Phaさんが言っていたことだけど、フローという概念があって、かなりいいかげんに説明すると、人間はそのいましている当の行為を意識していないときに最高のパフォーマンスを発揮するらしい。(「ニートの歩き方」p141~p148、技術評論社、2012、pha)
つまり意識的になにかを成そうとしたその時点で本当に創造的な仕事は不可能になっているということだ。
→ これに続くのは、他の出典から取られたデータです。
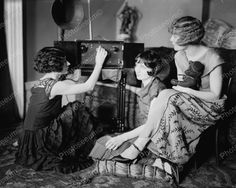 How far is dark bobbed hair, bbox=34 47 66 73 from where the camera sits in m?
2.31

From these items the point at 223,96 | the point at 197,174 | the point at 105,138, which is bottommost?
the point at 197,174

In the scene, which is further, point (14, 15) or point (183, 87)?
point (14, 15)

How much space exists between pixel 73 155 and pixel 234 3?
11.8ft

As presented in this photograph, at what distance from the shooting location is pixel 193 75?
88.7 inches

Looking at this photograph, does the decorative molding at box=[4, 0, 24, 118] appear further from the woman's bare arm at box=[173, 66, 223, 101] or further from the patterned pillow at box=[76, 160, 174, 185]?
the woman's bare arm at box=[173, 66, 223, 101]

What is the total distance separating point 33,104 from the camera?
238cm

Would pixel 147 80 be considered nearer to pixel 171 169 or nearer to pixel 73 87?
pixel 73 87

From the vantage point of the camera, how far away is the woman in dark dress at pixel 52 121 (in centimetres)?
230

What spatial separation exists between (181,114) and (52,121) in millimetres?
1043

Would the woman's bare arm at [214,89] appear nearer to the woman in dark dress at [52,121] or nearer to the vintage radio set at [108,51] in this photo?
the vintage radio set at [108,51]

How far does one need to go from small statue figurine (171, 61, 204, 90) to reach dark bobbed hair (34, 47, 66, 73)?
988 millimetres

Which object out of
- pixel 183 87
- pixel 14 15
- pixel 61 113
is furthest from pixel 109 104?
pixel 14 15

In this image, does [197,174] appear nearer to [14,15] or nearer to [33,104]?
[33,104]

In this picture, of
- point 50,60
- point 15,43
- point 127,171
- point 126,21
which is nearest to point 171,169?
point 127,171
なにかするにも理由がないとなにもできない世の中になってきている気がする。
なにもかも理由に回収されてしまっているといえるかもしれない。
みんな最終的な目的に向かって最短距離を無駄なく間違いなく突き進もうとあくせくしている。
やたらに専門家が多い。
なにをするにもその道の先達者がいて、自分はその道の人に聞かなければなにもわからない、なにも知らないという自覚。
自分で自分の無能力を受け入れている。
自分から進んで自らの禁治産者性を宣言する。
自分からは遠いどこかかなたに本当にの真理があるという感覚。
自分から自分を疎外させていること。
どんなところにも権威はあって、僕らは進んでその権威の下に入る。そのことによってどんなに小さくて馬鹿馬鹿しくてもいいから安心感を得たいんだと思う。
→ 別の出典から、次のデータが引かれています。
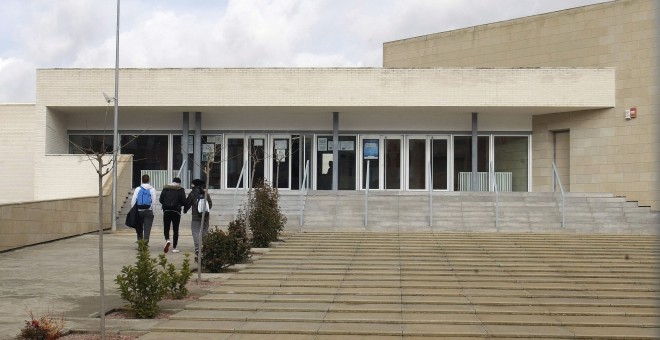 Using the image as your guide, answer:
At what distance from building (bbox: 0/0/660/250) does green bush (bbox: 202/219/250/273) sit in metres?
11.9

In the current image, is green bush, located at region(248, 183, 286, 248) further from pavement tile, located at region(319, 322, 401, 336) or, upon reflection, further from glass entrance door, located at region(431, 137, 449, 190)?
glass entrance door, located at region(431, 137, 449, 190)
経済の専門家もいるし、IT の専門家もいる。芸術の専門家もゲームの専門家もトイレ掃除の専門家もいるし、バケツの水をひっくり返すだけの専門家だっているかもしれない。
どんなところにだって専門家がいて、なんにだって権威がある。
逆に専門家だらけになってどこにも行き場がないことにもなっている。
僕らはその専門性を効率よく身につけようと思ってお金を払って学校にいく。
学校に行って教えられなければなにも知らないと自分から自覚する。
学校という機関が成立する社会の権威的構造。
学校という場はいちがいに説明できないのだけれど、いまの学校は自分から考える力をかなり奪っているように感じる。
そして生徒をへとへとに疲れさせている。
なにか創造的な仕事をしようとしたらその行為はまったく無自覚的な行為でなければならない。しかし自分ではわからないという自覚がその人を徹底的な専門性へとかりたてる。
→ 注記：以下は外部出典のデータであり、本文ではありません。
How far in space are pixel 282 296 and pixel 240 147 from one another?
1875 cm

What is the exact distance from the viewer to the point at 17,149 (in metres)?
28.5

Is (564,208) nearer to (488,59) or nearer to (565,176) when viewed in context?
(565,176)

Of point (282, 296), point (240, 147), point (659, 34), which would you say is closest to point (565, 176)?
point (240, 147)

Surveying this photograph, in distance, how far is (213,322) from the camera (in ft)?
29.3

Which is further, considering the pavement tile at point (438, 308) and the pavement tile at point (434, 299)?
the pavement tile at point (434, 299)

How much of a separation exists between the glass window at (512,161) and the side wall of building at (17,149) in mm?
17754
ぼくは社会学の専門家じゃないし、社会学を勉強してきたわけでもないから間違っていたらまずいのだけれど、それでも引用させてもらえば、大沢真幸さんの「自由という牢獄」の中でウェーバーは資本主義の成立にとって宗教の要素、とくにカルヴァン派の影響に着眼していたことが述べられている。
カルヴァン派の教義は簡単に言えば、「人間の救済は全知全能の神によって徹底的に決定されている。だから人間がどう思ったりどう行動したりしても最初から決定している神の摂理に影響を及ぼすことは何にもできない」ということだ。
この教義がどうして資本主義の成立にとっての重大な要件の1つとなるのか。
ウェーバーとは違う説明になるのかもしれなけれど、僕は事実をこう解釈している。
つまり「自分の行為は最終的な神の視点から可逆的にすべて説明可能だ。だから自分の行為は神の意図によってオートマティックに操作されたものでしかない。よって私は神の意図の範囲にある限り禁欲的に貨幣をためることが自由に命令されてあるのだ」というふうに。
最終的な神の視点、つまり天井が設定されてある限りで人間の行為はその驀進的なエネルギーをある措定に向けて推進させることができる。
今の日本社会の中で措定されている「神の視点」とは何だろう?ここまで資本主義が発達するには何らかの「視点」、つまり何らかの措定がなければ不可能だったはずだ。
はっきり言ってこれは僕もわからない、というよりどうしてそんなにみんな頑張れるのか理解できない。
同調圧力だろうか、それとも社会の最底辺の数パーセントに自分が落ち込むのではないかという恐怖心がやみくもな向上心へとかりたてるのか?
今の日本社会には神が不在だ。
みな神の不在の中で不在の神に向かって、終わりのないサーキットの中を延々と走り続けている。
専門知識や社会的権威を身に着けたところで、そんなものは絶えざる相対化のなかでたちまち陳腐化される。
特権的知識への志向が普遍的凡庸さへと接続される論理的帰結。
不在の神に向かって、見えない海に向かって、ボリビアの水夫は漕ぎ出す、偶像に向かって、永遠にオルガスムスに達しない行為をしながら、快楽は永遠の苦しみに転落し、どこまでも転がり続ける、船底に転がるビー玉のように。